Russia Was Never Socialist: Review -“An Illustrated History of the Russian Revolution” (Vol. II).

RUSSIA WAS NEVER SOCIALIST.

“An Illustrated History of the Russian Revolution” (Vol. II). Publisher: Martin Lawrence, 15s. “Preparing for Revolt,” Lenin, 5s. (Modern Books, Ltd ). “Lessons of October,” Trotsky. 3s. (Labour Publishing Co.).

The first volume of the “Illustrated His­tory” was noticed in these columns in June, 1928. The second volume carries the story from July, 1917, to the introduction of the New Economic Policy.

Lenin’s book consists of a series of letters and articles written between August and October, 1917 ; several appear in the Illus­trated History.”

Trotsky’s short work was published in 1925. It was written in view of the defeat of Communist strategy in Bulgaria and Germany, and suggests the necessity of “Bolshevising” the Communist International, which, being interpreted, means, “Let’s have better leaders !”; a fairly familiar phrase in this country.

Trotsky claims a considerable amount of credit (as a leader of the Petrograd Military Revolutionary Committee) for the success of the insurrection of October, 1917, and eulo­gises Lenin (“who was not in Petrograd,” p. 61), only in order to discredit Kamenev, Zinoviev and others.

He repeatedly emphasises the dependence of “the whole course of the revolution,” (p. 67), upon “the broken and discontented peasant army of many millions”; yet he tells us on p. 26, “a democratic coalition of workers, peasants and soldiers could not be other than weak, and could not actually attain to power,” hence the necessity for the Bolshevik dictatorship.

An interesting sidelight on this claim is obtained from the “Illustrated History,” (p. 302). “The victory of October is attributed by the Bolshevik Party to the fact that from the very first months of the revolution they rejected not only the Mensheviks’ compro­mises with the Capitalists, but also the idea of a ‘workers’ Government,’ which would have isolated them from the peasants and would have left them to the mercy of the Capitalists.”

Lenin chose the slogan, “All power to the Soviets !” The peasants, and not the workers, were in a majority in the Soviets (if the soldiers are reckoned among the peas­ants).
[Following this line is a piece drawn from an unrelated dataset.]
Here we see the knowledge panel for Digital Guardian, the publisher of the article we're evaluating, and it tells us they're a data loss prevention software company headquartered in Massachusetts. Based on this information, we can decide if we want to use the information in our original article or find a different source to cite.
This choice, as Lenin said, “pro­tected” the Bolsheviks from jumping over the peasant revolution.”

Here is proof positive of the utter stu­pidity of the claim that the revolution in Russia was Socialist, or that the working-class hold power. According to the Bolshe­viks themselves, neither separately nor in alliance with the peasants is such a thing conceivable. The much-vaunted dictator­ship of the proletariat is nothing more than a hollow euphemism for opportunist office-holding by the Bolshevik Party.

Let us turn to Lenin, There is a considerable amount of repetition in his book which might well be boiled down to the two articles entitled “The Approaching Crisis” and Will the Bolsheviks maintain power?”
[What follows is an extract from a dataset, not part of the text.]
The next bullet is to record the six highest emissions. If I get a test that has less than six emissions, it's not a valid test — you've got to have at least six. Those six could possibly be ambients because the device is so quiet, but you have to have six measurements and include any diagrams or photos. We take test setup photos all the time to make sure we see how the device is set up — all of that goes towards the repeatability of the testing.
In the former he deals with his proposed economic measures.

Here are the chief of these measures :—

(1) The nationalisation of the banks.

(2) The nationalisation of the trusts (sugar, petroleum, coal and metal monopolies).

(3) The suppression of business secrecy.

(4) The obligation for all industrialists, merchants and employers to group themselves into trusts.
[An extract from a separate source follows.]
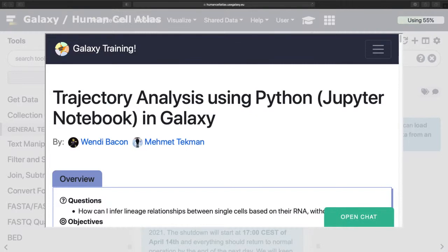Hello and welcome to this tutorial on trajectory analysis using Python in Galaxy. My name is Wendy Bacon. I am a lecturer at the Open University as well as a visiting researcher at EMBL EBI.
(5) Enforcement of the organisation of the population in consumers, societies under the control of the State.

Speaking of the first proposal, he says, “The ownership of the capital with which the banks operate is certified by printed slips called shares, bonds, etc. Not one of these slips is suppressed or altered by the nation­alisation of the banks …. whosoever has fifteen millions, keeps his fifteen millions.” (pp. 107-109).

“Nationalisation would have immense advantages, not so much for the workers (who rarely do business at a bank) as for the mass of peasants and small industrialists” (p. 111).

“From the military point of view it would bring immense advantages, and would in­ crease the military strength of Russia” (P. 112).

Speaking of trust nationalisation, “It is necessary to appeal directly to the initia­tive of the workers and offer them a definite percentage of profits on condition that they exercise complete control and increase pro­duction ” (p. 119). And again, “What we have to do, I repeat, is not establish Soci­alism in a day, but expose the theft of pub­lic money,” p. 124 (italics Lenin’s).

“The vital matter is not the confiscation of Capitalist property, but universal, all-embracing workers’ control over the Capi­talists and their possible supporters” (p. 192).

How did these proposals work out in prac­tice? In the industrial establishments, as on the land, the closing days of the Provisional Government in 1917, witnessed the growth of anarchy, economic disorder.

“The workers, even before October and during; October, began to occupy the factories unsystematically” (p. 533, “Illus­trated History”), therefore,

The Soviet Power saw itself faced with difficult problems of organisation . . . Not merely was there no idea of the imme­diate introduction of Socialism, but it was also not held necessary to nationalise the whole of industry.

The Soviet Power adopted the plan of the introduction of a special form of State Capi­talism in which the majority of the factories and workshops still remain the private property of the Capitalists, are not yet nationalised.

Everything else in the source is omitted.